Many others in our lives, no doubt, have inspired our faith at one time or another. For all their human shortcomings, the many sisters, priests and brothers whose patience we tried and whose wits we tested, witnessed to the enduring love of the Lord himself simply by being there for us. Perhaps through us, as only they may know, God also drew from their hearts the mercy and dedication to serve us. We thank one another.

Parents, godparents and grandparents should be high on our list as models of faith as many of them still may remain. Unfortunately, we are aware, personal experience does not always meet the ideal. We cannot alter the past, but ours is a faith of forgiveness. This is the first step. It is not enough, however. All efforts must go towards strengthening the family, the womb where faith is nurtured in our formative years.

Well aware of this urgency, our Holy Father is convoking an extraordinary Synod on Marriage and Family to be convened in October, 2014. He understands that our larger family of faith, the Church, is a family of families, which needs to foster the domestic church of each family unit. The theme will be “The Pastoral Challenges of the Family in the Context of Evangelization.”

Thank God for the leadership of Pope Francis that the voices of the divorced, separated and marginalized whose alienation from the comfort and stability of family are being heard and, God willing, responded to.

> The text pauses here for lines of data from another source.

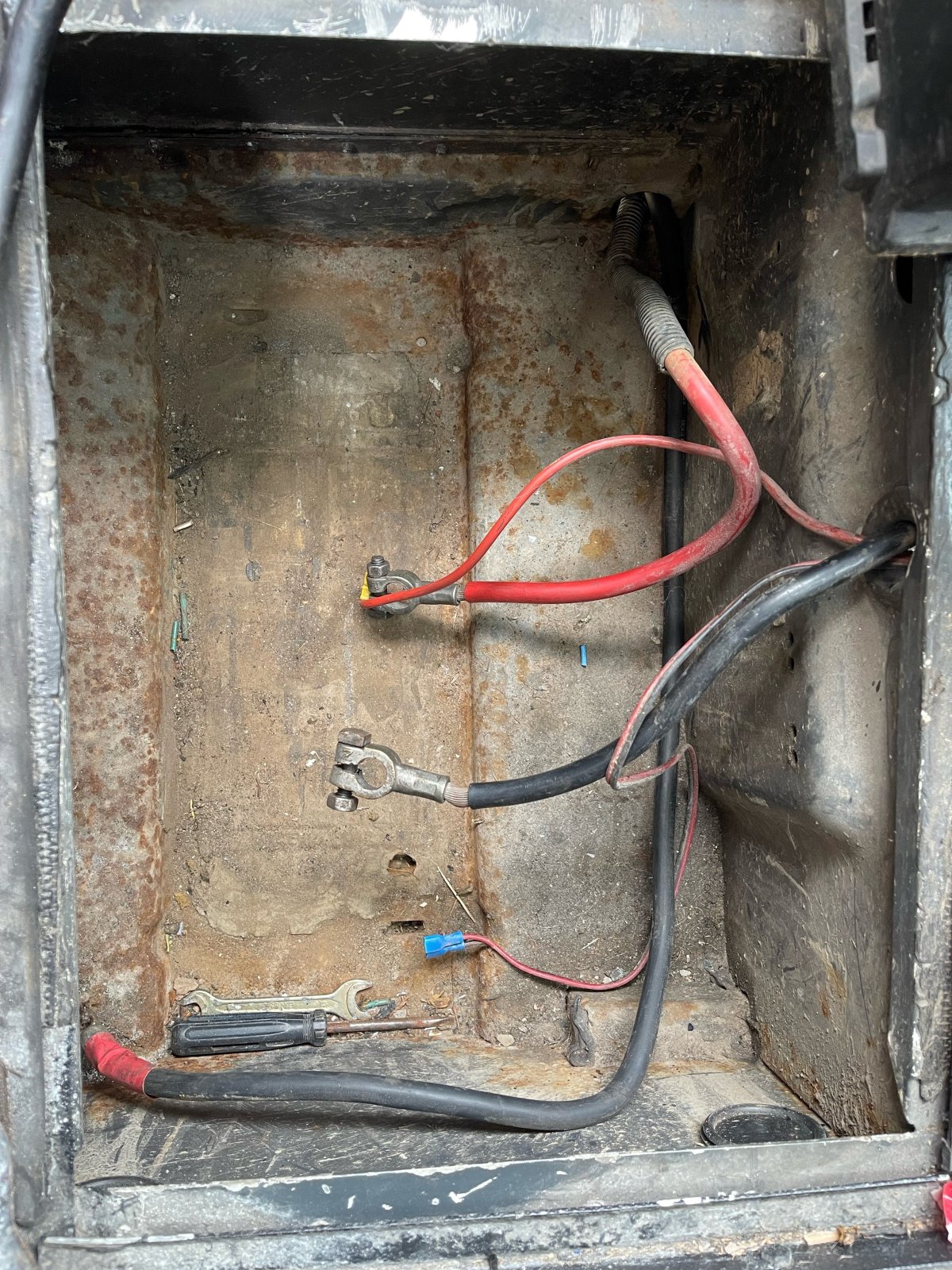 LR Battery Box.jpg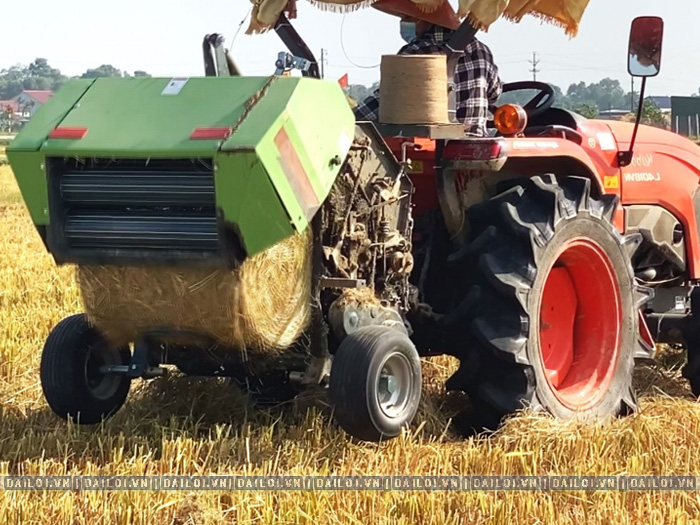 Giá máy cuốn rơm cũ bao nhiêu tiền? Có nên mua không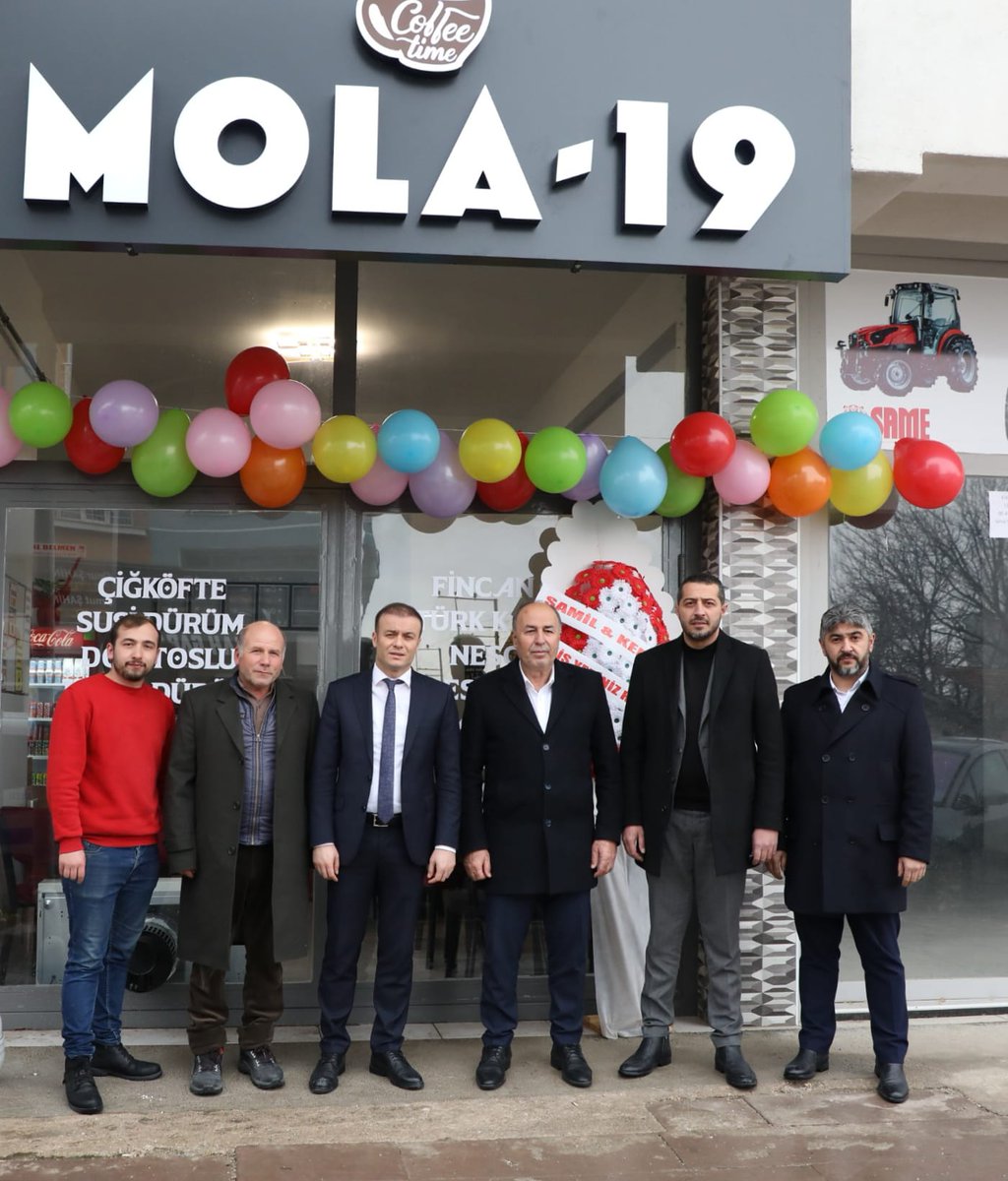 Kaymakamımız Sn. Meriç DİNÇER, ilçemizde işletmeciliği Sn. Mehmet ÖZDEMİR tarafından faaliyet gösterecek olan MOLA-19 MODERN ÇİĞ KÖFTE VE CAFE işletmesinin açılış törenine katılım sağladı.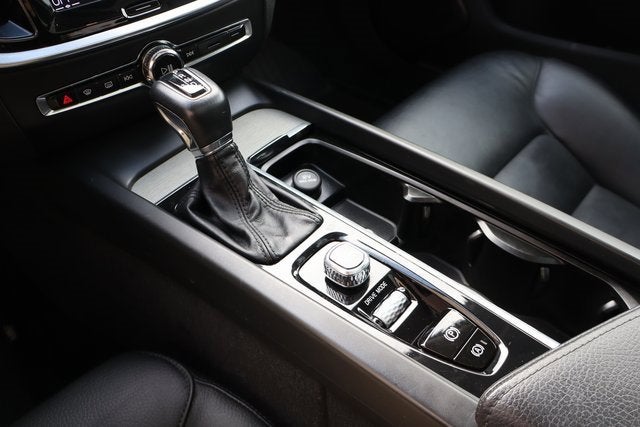 2021 Volvo V60 Cross Country T5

It is the power of the Gospel that unites us in building up not only the Body of Christ, our Church family, but also serves as a beacon of light to the world. We do not expect thanks or honors. Our reward is simply to proclaim the Good News and to live the joy it brings to all believers who remember our greatest blessing: Jesus Christ Himself, God’s perfect gift.

As Pope Francis recently tweeted, “Our life must be centered on what is essential, Jesus Christ. Everything else is secondary.”